Statoil hires local contractors for Johan Svedrup hook-up

Image source: Statoil

Norwegian oil company Statoil has awarded contracts for the hook-up and commissioning works on the giant Johan Sverdrup field to three Norwegian companies – Aker Solutions, Aibel and Kvaerner.

Technically, the contracts have been given to Aibel and Aker Solutions, but Aker Solutions said on Tuesday that Kvaerner would formally operate as a subcontractor to Aker on a contract which will bring the two companies approximately NOK 900 million ($108.2 million), split evenly between the two.

Aker Solutions has been awarded the contract for hook-up and commissioning of the riser platform on the field center in 2018. The contract includes an option for hook-up and commissioning of the processing and accommodation platforms in 2019.

Luis Araujo, chief executive officer of Aker Solutions, said: “We’re very pleased to continue supporting Statoil in driving forward this giant development, which will be of major importance to Norway for decades to come.”

 

The work, Aker said, starts in February and will initially involve about 100 people from Aker Solutions, Kvaerner, and Statoil, rising to as many as 1,000 people at its peak next year. It will be carried out mainly in Stavanger and offshore. Kvaerner will work closely with Aker Solutions and contribute to all parts of the project delivery.

Including Aibel, the contracts awarded by Statoil have a total value of around NOK 1.3 billion, excl. options. The scope of work for the riser platform accounts for an estimated 70 % of the total scope committed in both contracts.

 

Aibel: 600 workers

 

Aibel has been awarded the contract to prepare and execute the hook-up of the new drilling platform at the Johan Sverdrup field in 2018. The project also includes connecting the platform’s systems towards the jacket and two gangways, splicing of high-voltage cables, and hook-up of a temporary hotel platform. In addition, Aibel will assist Statoil during commissioning and start-up offshore.

According to Aibel the first phase of the project will be characterized by preparatory activities in close cooperation with the drilling platform project.
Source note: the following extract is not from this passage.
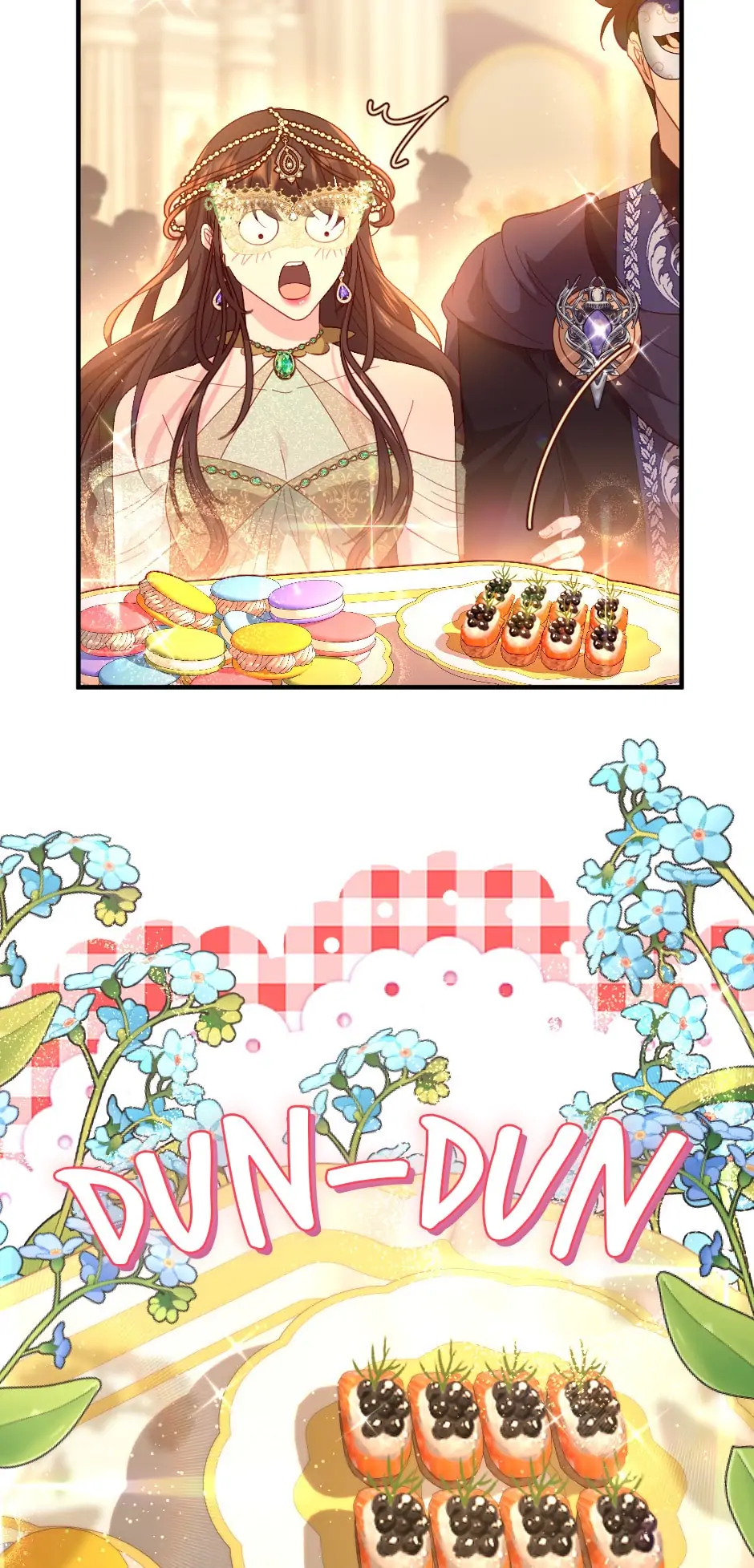 Chapter 33 - Image 14
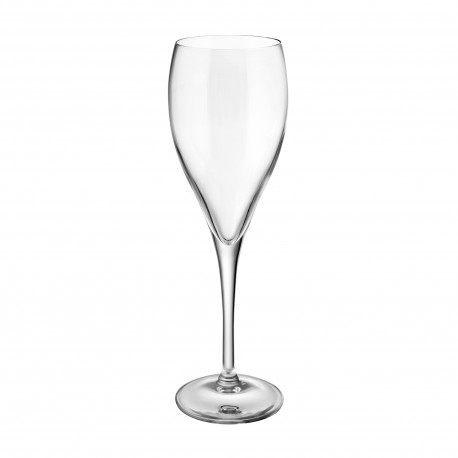 PALLADIUM/MONTEC COPA CAVA 17CL VCL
The topside for the drilling platform will be completed and ready for installation in spring 2018. Then, an offshore phase begins for the Aibel crew, which will consist of up to 600 employees in rotation towards the summer of 2019.

Johan Sverdrup is dubbed as the largest offshore development in the past three decades. The Statoil-operated field is located in the North Sea around 155 kilometers west of Karmøy in Rogaland county. Partners in the field include Lundin Norway, Petoro, Aker BP, and Maersk Oil.

Phase one of Johan Sverdrup consists of four bridge-linked platforms, in addition to three subsea water injection templates. The planned production capacity of the first phase is 315 000 to 380 000 barrels of oil equivalent per day.

Announcing the contracts, Statoil said that preparations “start immediately.”

“Kicking off in the summer of 2018 the hook-up work offshore represents the final and crucial phase prior to first oil on the Johan Sverdrup field. In this phase the jackets, platforms, wells, subsea equipment, export pipelines and power from shore will be hooked up to form a fully functioning field centre that will come on stream in late 2019,” Statoil said.

Two mobile accommodation facilities in addition to the Johan Sverdrup accommodation platform combined have the capacity to accommodate more than 1,200 people offshore.

“The scope of work is extensive and in the peak period an estimated 650 positions will be needed offshore, rotating on three shifts, i.e. almost 2,000 offshore workers. The entire Johan Sverdrup development puts the industry to the test again due to the size of the project. The Johan Sverdrup commissioning will be the most complex and extensive commissioning project offshore that Statoil has ever been responsible for over its 40 years as an operator on the NCS. It will be demanding, but we have solved complex tasks before with our suppliers,” says Kjetel Digre, Statoil’s project director for Johan Sverdrup.